Army to Congress: Thanks, but no tanks
|2:23:08 AM, Monday, October 15, 2012|
(HERLONG, California CNN 10/9/12) "If you need an example of why it is hard to cut the budget in Washington look no further than this Army depot in the shadow of the Sierra Nevada range.
CNN was allowed rare access to what amounts to a parking lot for more than 2,000 M-1 Abrams tanks. Here, about an hour's drive north of Reno, Nevada, the tanks have been collecting dust in the hot California desert because of a tiff between the Army and Congress.

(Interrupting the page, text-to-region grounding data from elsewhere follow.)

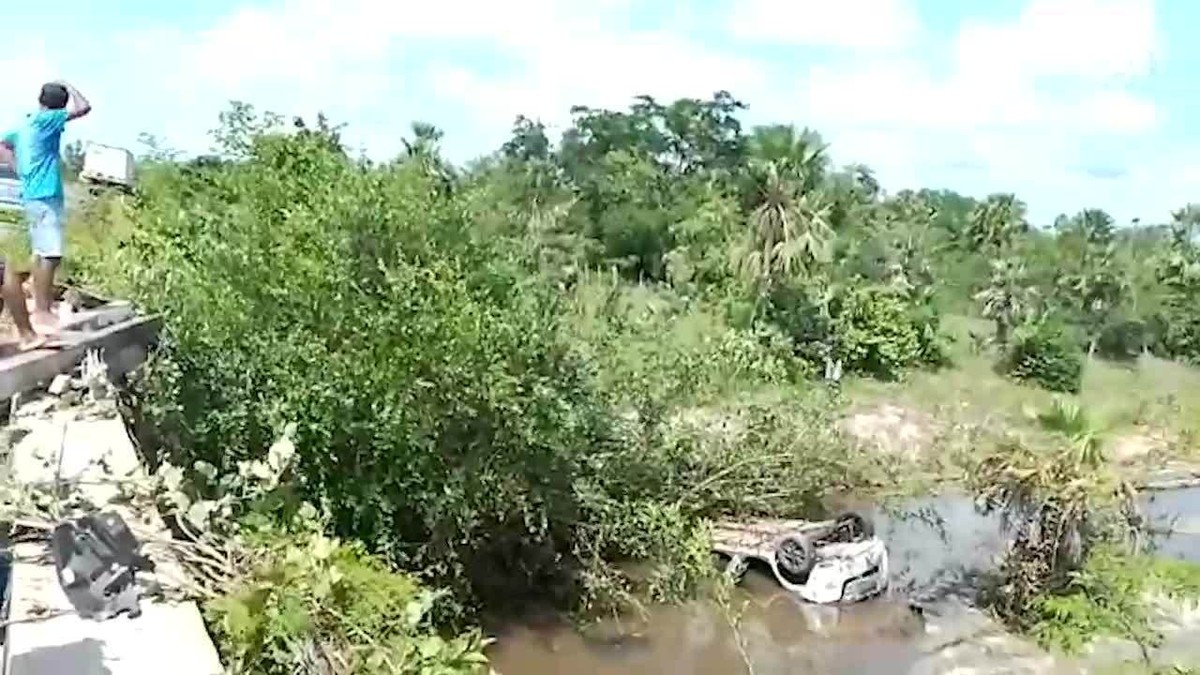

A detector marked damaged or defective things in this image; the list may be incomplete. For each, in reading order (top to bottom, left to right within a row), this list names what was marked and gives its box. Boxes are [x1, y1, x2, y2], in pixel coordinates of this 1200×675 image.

overturned white car [710, 511, 892, 600]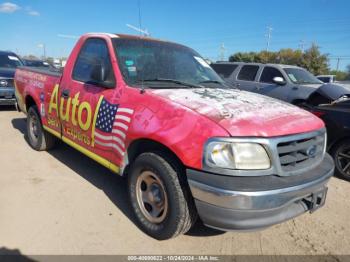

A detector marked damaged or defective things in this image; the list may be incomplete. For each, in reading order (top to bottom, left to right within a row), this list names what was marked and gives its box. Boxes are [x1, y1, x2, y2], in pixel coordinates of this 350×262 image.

rusty hood [152, 88, 324, 137]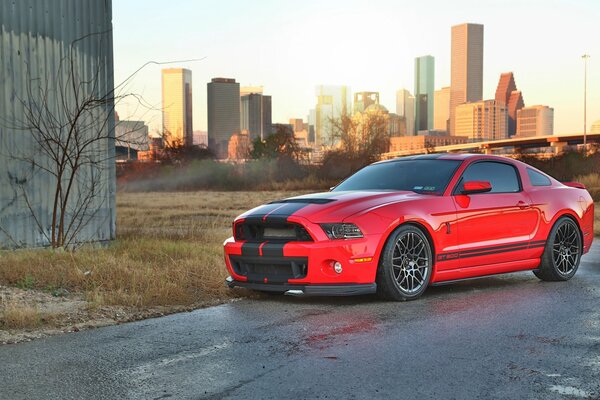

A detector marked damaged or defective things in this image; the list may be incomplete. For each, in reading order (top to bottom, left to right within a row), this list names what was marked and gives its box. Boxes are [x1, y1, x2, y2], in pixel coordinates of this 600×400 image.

cracked asphalt [1, 244, 600, 400]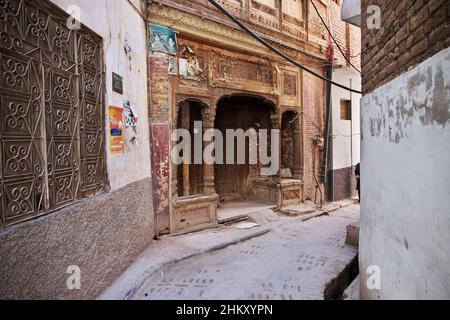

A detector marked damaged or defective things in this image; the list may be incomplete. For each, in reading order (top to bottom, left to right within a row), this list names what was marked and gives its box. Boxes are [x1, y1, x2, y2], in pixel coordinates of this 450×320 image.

peeling plaster wall [50, 0, 150, 190]
peeling plaster wall [360, 47, 450, 300]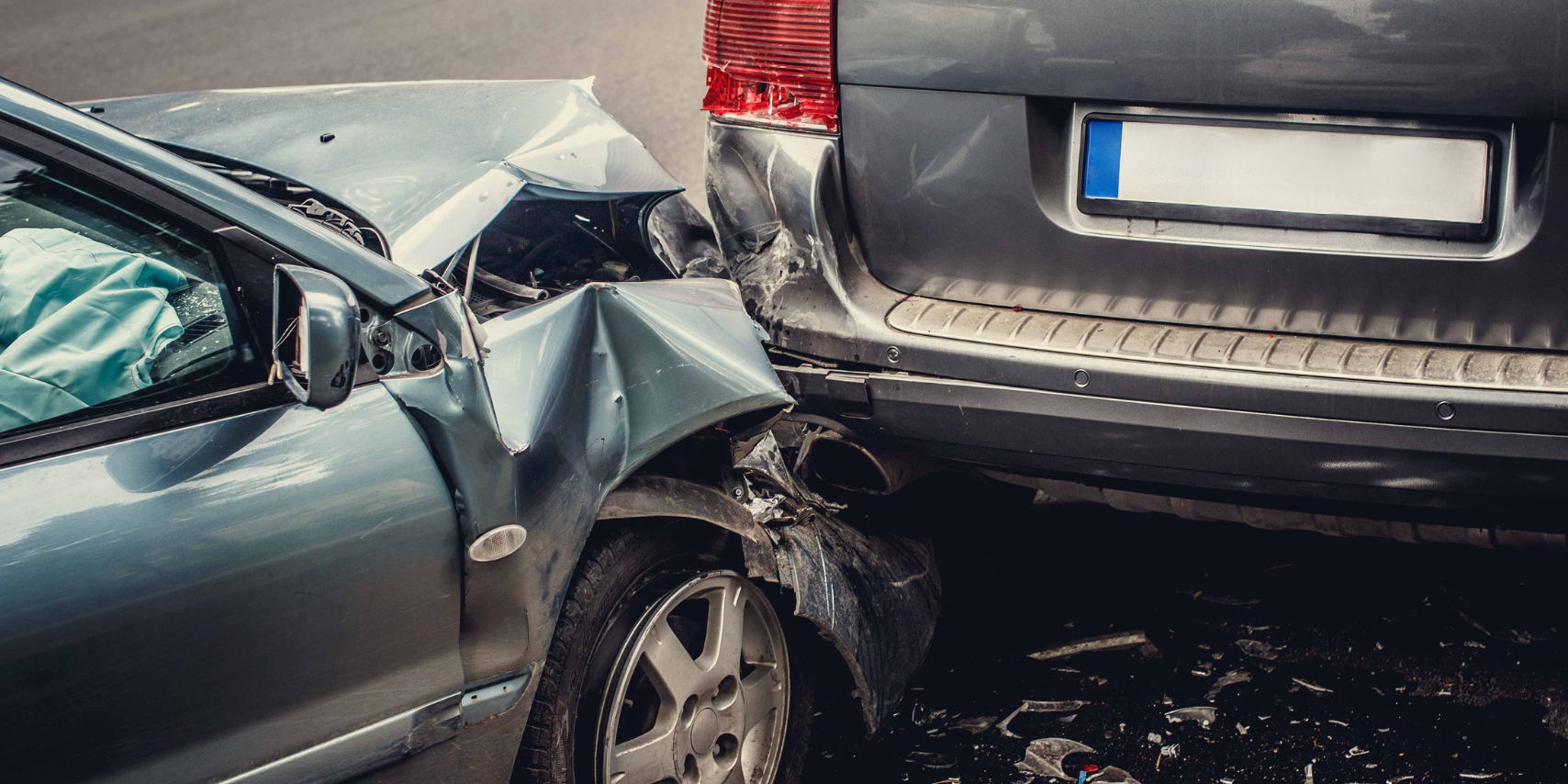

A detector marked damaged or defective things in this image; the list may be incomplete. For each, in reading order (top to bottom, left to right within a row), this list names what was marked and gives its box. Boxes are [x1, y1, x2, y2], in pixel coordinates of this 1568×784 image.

crumpled hood [77, 80, 680, 273]
torn sheet metal [81, 80, 680, 273]
deployed airbag [0, 229, 186, 435]
torn sheet metal [381, 279, 796, 683]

The U.S. has more than enough combat tanks in the field to meet the nation's defense needs - so there's no sense in making repairs to these now, the Army's chief of staff Gen. Raymond T. Odierno told Congress earlier this year.
If the Pentagon holds off repairing, refurbishing or making new tanks for three years until new technologies are developed, the Army says it can save taxpayers as much as $3 billion.
That may seem like a lot of money, but it's a tiny sacrifice for a Defense Department that will cut $500 billion from its budget over the next decade and may be forced to cut a further $500 billion if a deficit cutting deal is not reached by Congress.
Why is this a big deal? For one, the U.S. hasn't stopped producing tanks since before World War II, according to lawmakers.
Plus, from its point of view the Army would prefer to decide what it needs and doesn't need to keep America strong while making tough economic cuts elsewhere.
"When a relatively conservative institution like the U.S. military, which doesn't like to take risks because risks get people killed, says it has enough tanks, I think generally civilians should be inclined to believe them," said Travis Sharp a fellow at the defense think tank, New American Security.
But guess which group of civilians isn't inclined to agree with the generals on this point?
To be exact, 173 House members - Democrats and Republicans - sent a letter April 20 to Defense Secretary Leon Panetta, urging him to continue supporting their decision to produce more tanks.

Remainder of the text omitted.